The no free lunch theorem for scientific research
Yesterday David and I went for pizza after work. As typical for our conversations, we spent quite some time discussing applied statistics and machine learning, and reached our usual conclusion that logistic regression is a wonderful model in so many problems.
However, finding logistic regression or other “simple” methods in research papers can be quite hard, as we tend to look for methodological novelty. As Kristin Lennox nicely summarized, “you don’t get a lot of points for doing really good statistics on really important problems, if these statistics were invented in 1950s”. (In particular, Cynthia Rudin investigated how much applied research goes into the most presitigious machine learning conferences).
This is one of the reasons for the phenomenon which everybody in the field knows too well: from time to time you take a paper claiming state-of-the-art performance (“They are 0.02% better on CIFAR-10 than others! Let’s apply it to my problem”), and then find out that the method requires heavy hyperparameter tuning and hours of playing with the brittleness that makes the method impossible to use in practice. And, what’s even worse, the performance isn’t that different from a simple baseline.
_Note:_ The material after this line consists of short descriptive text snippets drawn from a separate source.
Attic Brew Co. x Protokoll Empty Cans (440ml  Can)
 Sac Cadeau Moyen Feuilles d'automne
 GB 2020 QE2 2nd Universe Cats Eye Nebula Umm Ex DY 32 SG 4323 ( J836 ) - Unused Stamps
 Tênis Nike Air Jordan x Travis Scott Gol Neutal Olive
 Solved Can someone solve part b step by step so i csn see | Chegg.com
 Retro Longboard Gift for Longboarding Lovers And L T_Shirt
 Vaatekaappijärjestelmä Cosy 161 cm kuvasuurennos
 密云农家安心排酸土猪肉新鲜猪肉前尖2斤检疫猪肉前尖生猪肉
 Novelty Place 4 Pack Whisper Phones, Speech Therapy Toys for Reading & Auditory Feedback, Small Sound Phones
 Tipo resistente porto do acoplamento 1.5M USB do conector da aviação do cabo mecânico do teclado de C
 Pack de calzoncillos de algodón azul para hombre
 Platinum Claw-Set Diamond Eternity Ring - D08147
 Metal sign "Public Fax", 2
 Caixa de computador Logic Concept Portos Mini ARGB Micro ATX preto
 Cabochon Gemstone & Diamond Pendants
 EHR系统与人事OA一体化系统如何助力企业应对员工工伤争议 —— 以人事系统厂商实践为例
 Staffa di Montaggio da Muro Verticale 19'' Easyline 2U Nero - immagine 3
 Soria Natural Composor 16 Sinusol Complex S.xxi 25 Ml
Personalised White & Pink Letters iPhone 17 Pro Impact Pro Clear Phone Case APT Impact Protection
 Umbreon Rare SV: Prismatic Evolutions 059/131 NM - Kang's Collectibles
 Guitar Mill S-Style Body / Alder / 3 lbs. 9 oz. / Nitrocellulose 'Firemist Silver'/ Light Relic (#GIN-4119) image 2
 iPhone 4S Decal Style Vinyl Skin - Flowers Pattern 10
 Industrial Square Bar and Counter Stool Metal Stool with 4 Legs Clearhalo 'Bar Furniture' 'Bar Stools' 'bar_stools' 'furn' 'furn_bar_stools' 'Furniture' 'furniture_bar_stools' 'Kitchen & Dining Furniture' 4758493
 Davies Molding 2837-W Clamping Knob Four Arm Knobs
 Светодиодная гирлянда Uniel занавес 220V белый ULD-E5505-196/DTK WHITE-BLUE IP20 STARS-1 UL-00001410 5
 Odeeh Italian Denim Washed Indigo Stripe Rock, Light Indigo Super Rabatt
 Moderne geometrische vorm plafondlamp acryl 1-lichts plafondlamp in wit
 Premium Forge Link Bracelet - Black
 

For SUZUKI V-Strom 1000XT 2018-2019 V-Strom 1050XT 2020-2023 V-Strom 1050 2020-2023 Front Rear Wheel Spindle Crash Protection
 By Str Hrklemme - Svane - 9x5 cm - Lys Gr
Similarly, there are voices from many statisticians raising the issue that several of the grandiose results, which often involve solving important problems with the state-of-the-art methodology, may be simply invalid.
To summarize, a perfect paper should use novel methodology, aim at solving an important problem, and be correct (which should go without saying). The no free lunch of scientific research says that you can pick two out of three, at most.
This “theorem” is not very serious and is, of course, not universal – there exist great papers, but achieving all three goals in one manuscript is very hard to execute and they are exceptions, not the standard. Additionally, I don’t want to dichotomise here: methodological novelty, problem importance and correctness have many facets and subtleties (and may also be hard to assess upfront!), so it’s better to think about the level of each of these traits desired in a study.
As a first-order approximation, I found myself usually doing research on either novel methodology (illustrated on toy problems, without direct applications) or working on problems, which I find practical and important, but which require standard and well-trusted tools (at least as a starting point and a baseline).
On a more positive note, some novel (as of today) methods will have become standard and well-trusted tools in the coming years, with a lot practical impact to come. And practical problems often lead to improvement on existing methods or asking fundamental questions (see Pasteur’s quadrant). And they usually are much harder to solve, than it seems at the beginning! Let’s finish with a quote from Andrew Gelman: “Whenever I have an applied project, I’m always trying to do the stupidest possible thing, that will allow me to get out of the project alive. Unfortunately, the stupidest possible thing, that could possibly work, always seems to be a little more complicated, than the most complicated thing I already know how to do.”